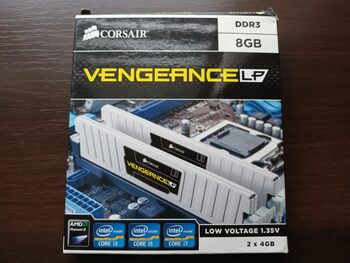 Corsair Vengeance 8 GB (2 x 4 GB) DDR3-1600 Black / White PC RAM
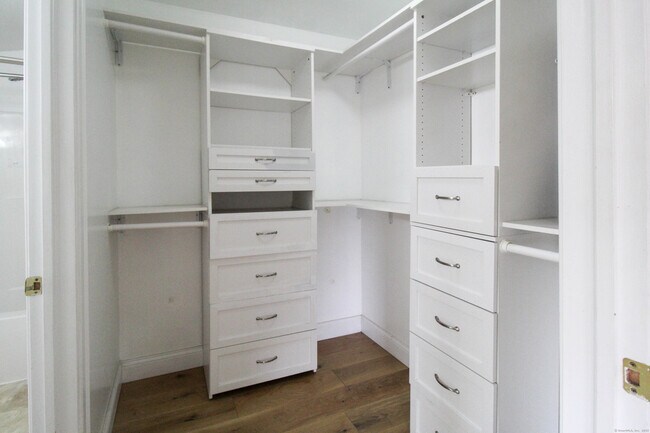 Building Photo - 41 Wolcott St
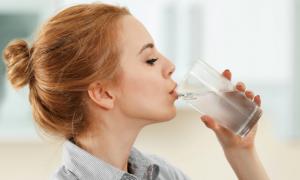 4 cách uống nước tốt đâu chưa thấy, dễ gây suy gan thận cho bạn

§ **Assignment**:
Copy out all of the data word for word. Do not carry over any picture.

§ **Response**:
 Corsair Vengeance 8 GB (2 x 4 GB) DDR3-1600 Black / White PC RAM
 Building Photo - 41 Wolcott St
 4 cách uống nước tốt đâu chưa thấy, dễ gây suy gan thận cho bạn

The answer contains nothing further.